My idea for an ultra-low cost encoder is to print out a bar code and wrap it around the outside of a spinning motor housing. Then count the bars with an optical sensor. These sensors cost about $1.50 each. Two required for quadrature.
This gets easier to build at lower resolutions. But the encoder is used for commutation. I don’t have a good feel for what resolution is needed
Check out 40 Cent sensing technique for the cheapest a community member has come up with. I’ve seen this work and it’s quite awesome
I actually thought of this method. But I did not know if the resolution would be good enough. There are only 18 magnets and you have to interpolet the waveform.
Actualy, my plan was to make the sensor. Wind magnet wire around an iron shaft that is about 3mm diameter The varying magnetic field would induce voltage in the wire.
If you know how the pickup in an electric guitar works, it is kind of like that. You get a psuedo-sine wave out. Or if you know about a “tone wheel” in an old Hammond organ" it is more like that than a guitar.

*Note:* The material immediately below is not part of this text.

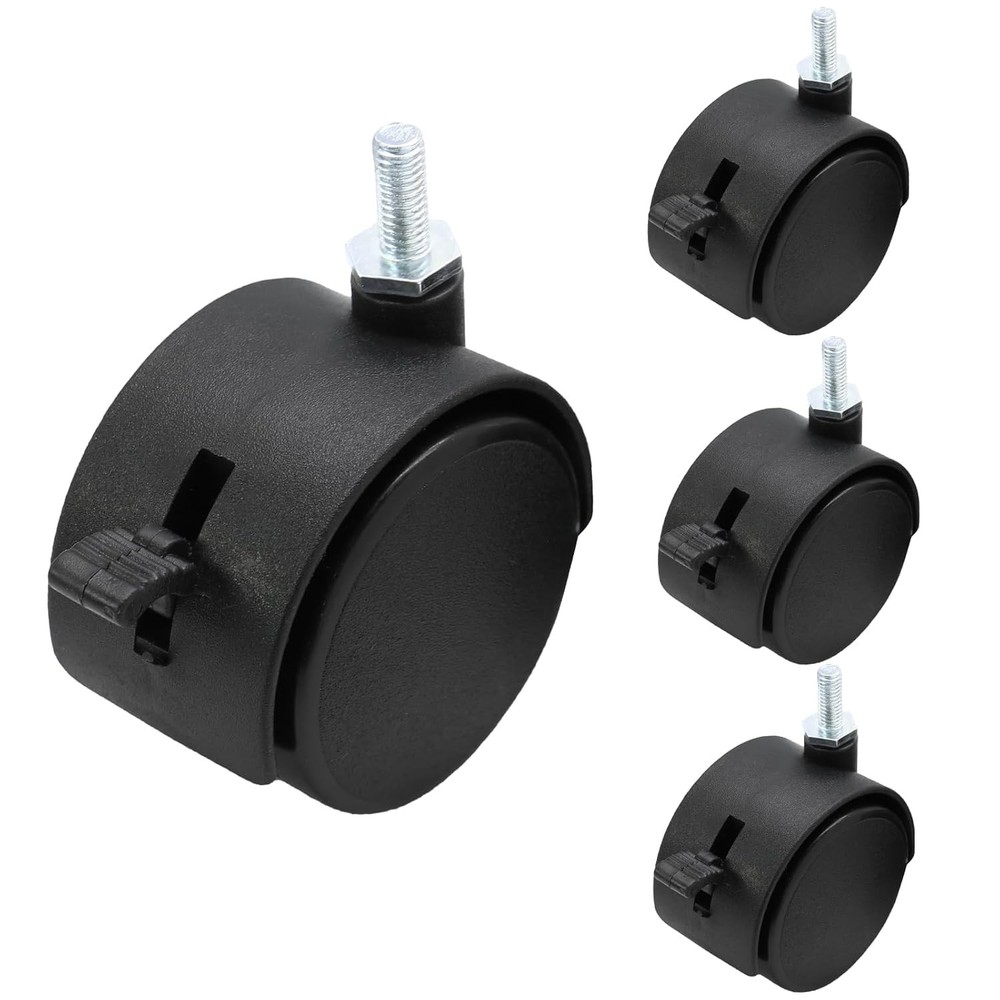 4pcs 2 Inch Swivel Caster Wheels, with Brake, Heavy Duty Casters, Black Nylon…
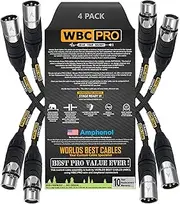 4 Units - 30 CM - WBC-PRO-Quad Ultra-Silent Ultra-Flexible Balanced Star-Quad Cable with Amphenol Male & Female XLR Plugs & Black Tweed Jacket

But if hall effect sensor cost < $1, they are cheaper than magnet wire.
So we don’t really need much resolution?
No, the more resolution the better. Hall Sensors (digital style) are not super-accurate and it causes problems.
But the linear hall sensors, in a properly calibrated system, have the potential to be highly accurate… its just hard to set up, I’m guessing.
But they would give you potentially, theoretically, maybe, possibly several times the ADC resolution within a single electrical rotation…
Inductive sensors, like the ones you describe but industrialised, are among the most accurate and expensive rotary position sensors - AFAIK people haven’t used them with SimpleFOC so far, but it should be quite possible. Its what high-end industrial robots and positioning systems use.
You also have to think about ease of use - the linear hall setup is super-cool, but its a big barrier for people to attach them to the motor in the right place, wire it all up, get reliable ADC working and then run complex calibration procedures.
So the cost savings of the 40c price-tag come with a hefty penalty in usability.
I personally find the magnetic sensors and optical encoders strike a good balance between usability and cost.
If we want to do a bit of math we could relate the PWM resolution, the motor’s pole-pairs and dimensions to the encoder resolutions required…
Perhaps I’ll get to that later to try to answer your question in a fully general way.
OK, I had hoped that someone had already done this long ago and they could just point me to the answer.
Or, I could just read the code and see how the encoder data is used.